Pol Pot fechou escolas, hospitais, fábricas, extinguiu o sistema bancário e a propriedade privada, proibiu qualquer religião e dizia que os pais estavam contaminados pelo capitalismo, logo, não podiam criar seus filhos. As famílias eram separadas, as pessoas mandadas para as fazendas coletivas e os intelectuais eram perseguidos.

“Quem trabalha nas plantações de arroz tem marcas nos pés, os soldados que carregam armas pesadas tem marcas nos ombros”. Juanito tinha 20 anos quando viu os pais serem assassinados pelo governo. “Eles foram identificados como intelectuais porque usavam óculos, tinham as mãos sem calos e os pés limpos porque usavam sapatos.” Decidiu então se juntar aos guerrilheiros. Terminada a guerrilha e nomeado general, ele voltou à sua cidade natal. As pessoas buscavam suas famílias separadas e escreviam seus nomes nas portas das casas onde tinham vivido para que os sobreviventes soubessem quem estava ali para continuar a história. Ele reencontrou alguns parentes, recomeçou como comerciante, mas perdeu tudo o que conseguiu juntar. Foi quando decidiu procurar amigos em Siem Reap, cidade a poucos quilômetros dos templos de Angkor Wat.

A lenda local conta que as ruínas foram descobertas por acaso por um francês que caçava borboletas na floresta, o que contraria um pouco provas mais cientificas que atestam a presença de pesquisadores ocidentais por ali em data bem anterior à bucólica e inocente cena. Incontestável era que finalmente o clima de paz no país colocava Angkor como rota turística, e alguém precisaria se comunicar com aqueles europeus, americanos, indianos, russos... A maioria dos guias só falava inglês, e Juanito queria falar espanhol. Sem internet, sem cursos ou livrarias, ele foi até a farmácia e pediu todos os remédios que tivessem bulas traduzidas. Devorando posologias e modos de usar, só faltava aperfeiçoar a pronúncia, resolvida com um CD do Julio Iglesias que ganhou da irmã funcionária da embaixada francesa. 

“Eu trabalho uns dois ou três dias com os turistas. Se trabalho, ganho salário, se não trabalho não ganho.

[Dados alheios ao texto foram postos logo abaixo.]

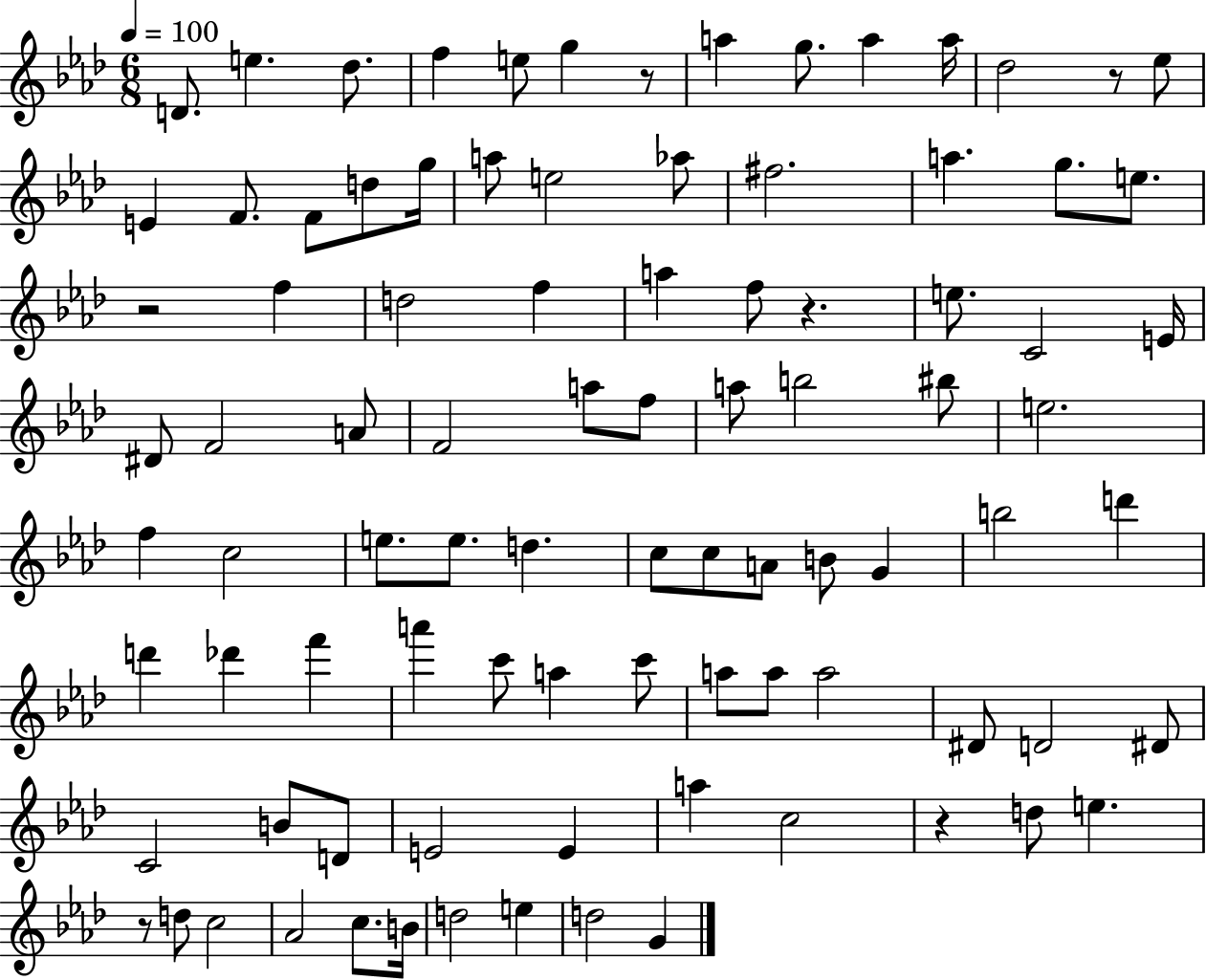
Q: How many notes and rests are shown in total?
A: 91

Não tenho férias nem aposentadoria, mas tenho hospital, que o governo dá, e se eu morrer vão me cremar. Aqui somos cremados, por isso temos a pele assim escura”, ele ri, “diferente dos vietnamitas, que são enterrados e por isso são brancos! A cada vida nós voltamos mais escuros.” Juanito, Ivan ou o nome impronunciável cambojano não se preocupa nem almeja mais nada. Há quem veja isso como filosofia budista.

Até 1950 não se registravam as crianças no Camboja. Eram tempos de guerra, os pais escreviam a data de nascimento nas paredes das casas, mas a chuva apagava então ninguém contava as idades. Para saber se já deviam ir à escola, os professores checavam se a criança conseguia passar a mão por cima da cabeça e alcançar a orelha do lado oposto. Caso conseguisse, já devia ter uns 6 anos e podia começar a estudar. Hoje os jovens não aprendem na escola nada sobre o Khmer Vermelho. O primeiro-ministro, ex-aliado de Pol Pot que ajudou a derrubar o governo, está no poder desde então, há 30 anos. Juanito estranha ele ter um Iphone 8, mas o defende por ter participado de mais de trezentas batalhas contra os americanos e lutado pela paz no Camboja. “Além disso, vou reclamar com quem, o presidente dos Estados Unidos? Falar com o presidente da China? Com esses não dá, o máximo que posso fazer é falar com os deuses então é o que faço!”, ele diz. “E vamos andando porque tenho que chegar em casa. Adotei uma criança de 8 anos. A Angelina Jolie adotou um filho aqui também, você sabia?”.